A intervenção federal, instituto próprio do Estado federal, consiste no afastamento temporário da autonomia do ente federativo para garantir a unidade federativa, a integração nacional ou, em outros termos, o restabelecimento da ordem constitucional. Trata-se, assim, de instrumento que configura a antítese da autonomia dos entes federados, característica marcante da Federação, devendo ser, portanto, utilizado apenas como medida excepcional, nas hipóteses em que outros meios não se mostrem eficazes para solucionar o problema.
A decretação de intervenção é da competência do presidente da República, cabendo somente nos casos taxativamente previstos na Constituição Federal.

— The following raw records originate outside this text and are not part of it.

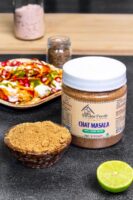 Sandee Foods classic Chat Masala - The Secret to Flavorful, Mouthwatering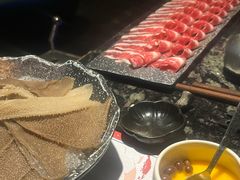 -王家渡火锅店(亦庄店)
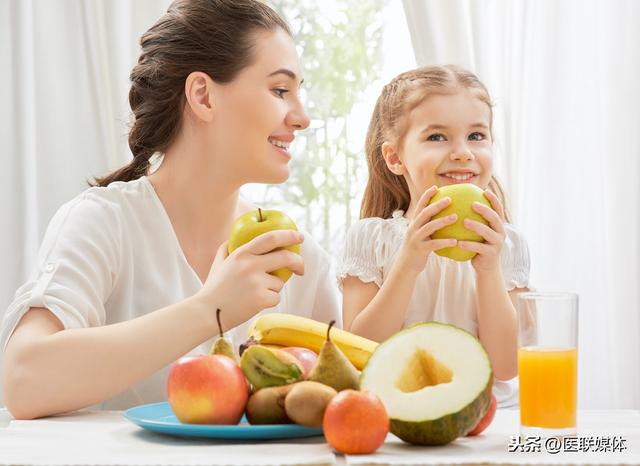 感冒喝姜汤，真的有用吗？这种感冒或许并不适用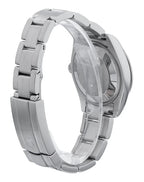 Rolex Lady Oyster Perpetual 177234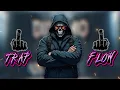 Download Lagu Trap Rap Flow 🔥 Super Bass Boosted | Hard 808s \u0026 Street Vibes
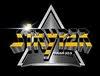 Stryper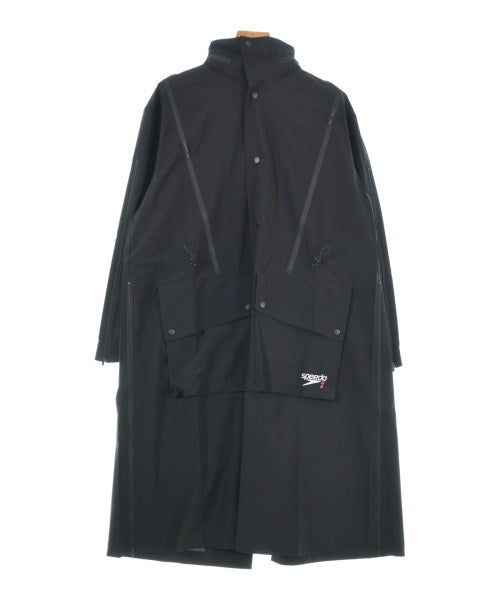 TOGA เสื้อโค้ท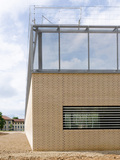 Import: Gesamt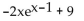 <strong>Find f‛(x). </strong> A) B) C) D)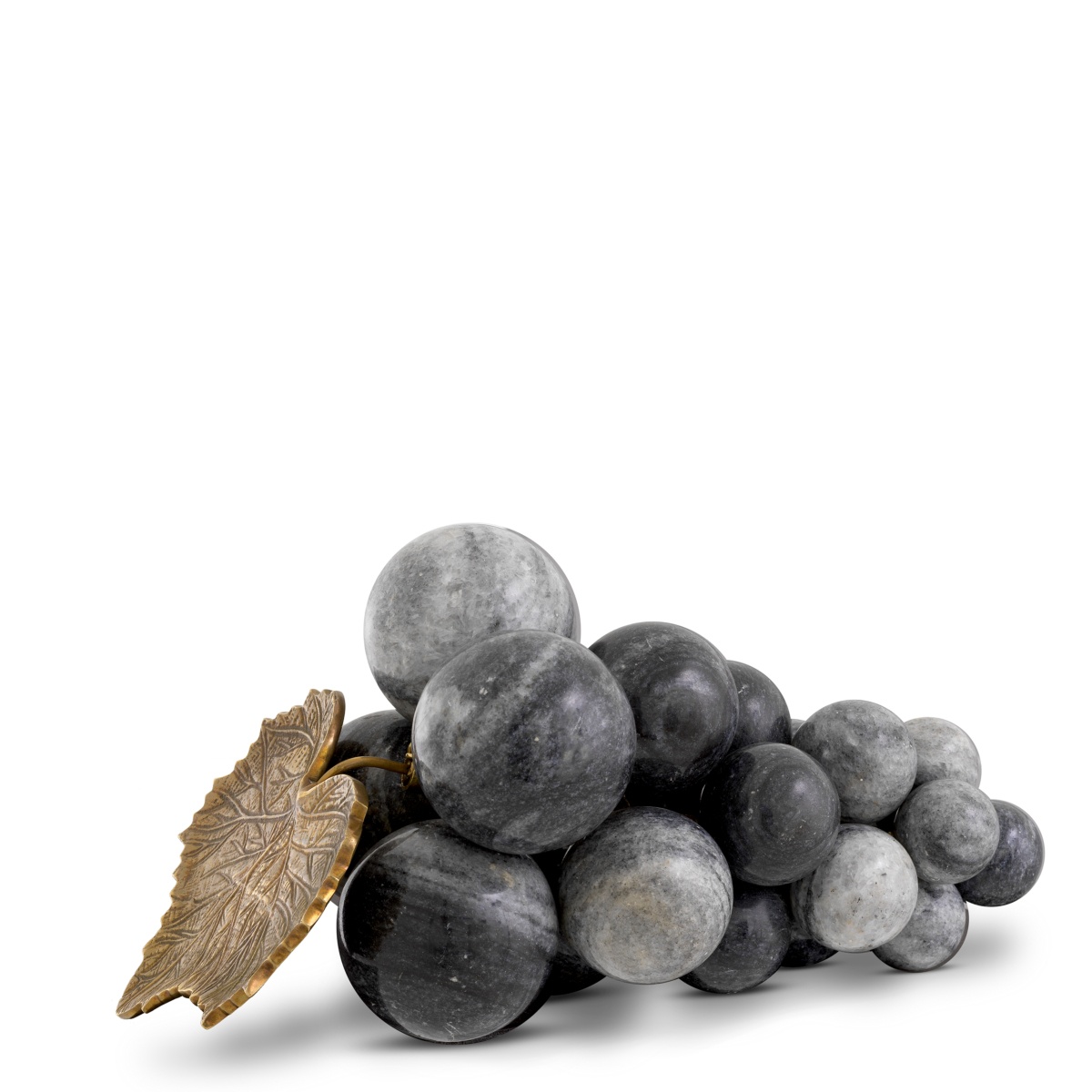Декоративный объект Vintage Grapes, фото 1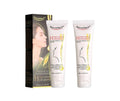 Neck Firming Wrinkle Remover Cream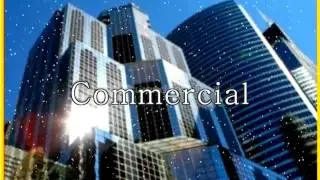 car locksmith houston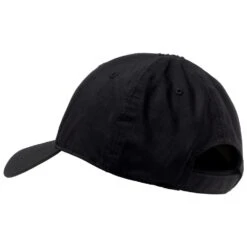 5.11 Tactical Hats: Taclite Black 89381 019 Uniform Cap 5 5.11 Tactical Hats: Taclite Black 89381 019 Uniform Cap -Work Clothes Store 5.11 tactical 89381 019 b 001
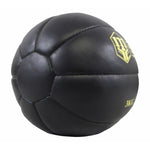 Medicīnas bumba 3 kg MASTERS – PL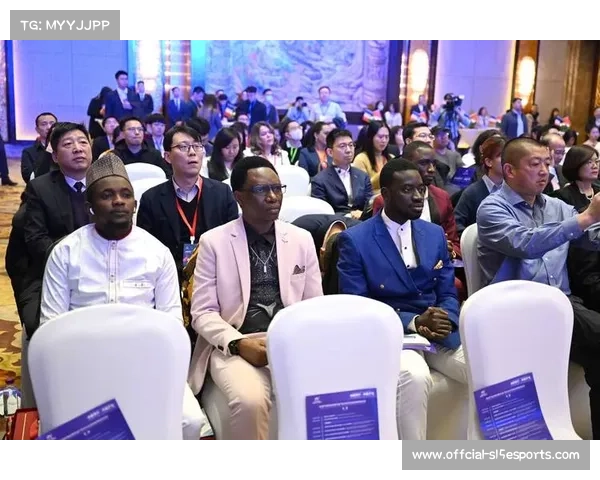 独行侠举办国际文化周 展现多元文化魅力与全球交流风采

A depender da hipótese constitucionalmente estabelecida, a intervenção pode ser espontânea, quando o ato for praticado por iniciativa própria do presidente, ou provocada, quando se der por solicitação de outro Poder ou por requisição do Supremo Tribunal Federal ou do Superior Tribunal de Justiça.
O atual pedido de intervenção federal no Distrito Federal, feito pelo Procurador-Geral da República junto à Suprema Corte (IF 5179), alcança os poderes Executivo e Legislativo do Distrito Federal, tendo como pressuposto a violação de princípios constitucionais sensíveis, mais precisamente a forma republicana, o sistema representativo e o regime democrático, tendo em vista ser fundamento da República como forma de governo a não-patrimonialização do poder e sua não-disposição a serviço de pessoas (1).
A partir do eventual deferimento, pelo STF, do pedido de intervenção, que provavelmente abordará a questão da constitucionalidade da ordem sucessória estabelecida na Lei Orgânica do Distrito Federal, caberá ao presidente da República a adoção das providências no sentido de dar cumprimento à decisão, a começar pela edição de decreto no qual se especificará a amplitude, o prazo da medida, as condições da sua execução e a nomeação de interventor, se couber.
Importante consignar que a decretação de intervenção federal é medida excepcional e inédita no Estado brasileiro, no período pós-democratização, e que é precedida, necessariamente, da observância de um rito definido no próprio texto da Constituição.
Dessa forma, as medidas interventivas a serem eventualmente adotadas pelos órgãos competentes dos poderes da República serão concretizadas ao seu tempo, restando, por ora, ao Poder Executivo Federal auxiliar na garantia da manutenção da ordem pública no Distrito Federal e colocar-se à disposição das autoridades locais para, nos limites do ordenamento jurídico, proceder ao auxílio necessário à garantia dos direitos dos cidadãos aqui residentes.
No mais, assim como a população do Distrito Federal e o povo brasileiro, o Poder Executivo Federal aguarda a decisão do Supremo Tribunal Federal, colocando-se de prontidão para executá-la da forma que melhor propicie a superação desse lamentável episódio da política nacional.
_________________________________________*Ministro da Justiça
(1) SILVA, José Afonso. Curso de direito constitucional positivo, 24. ed. ver. e atual. São Paulo: Malheiros, 2005. p. 103.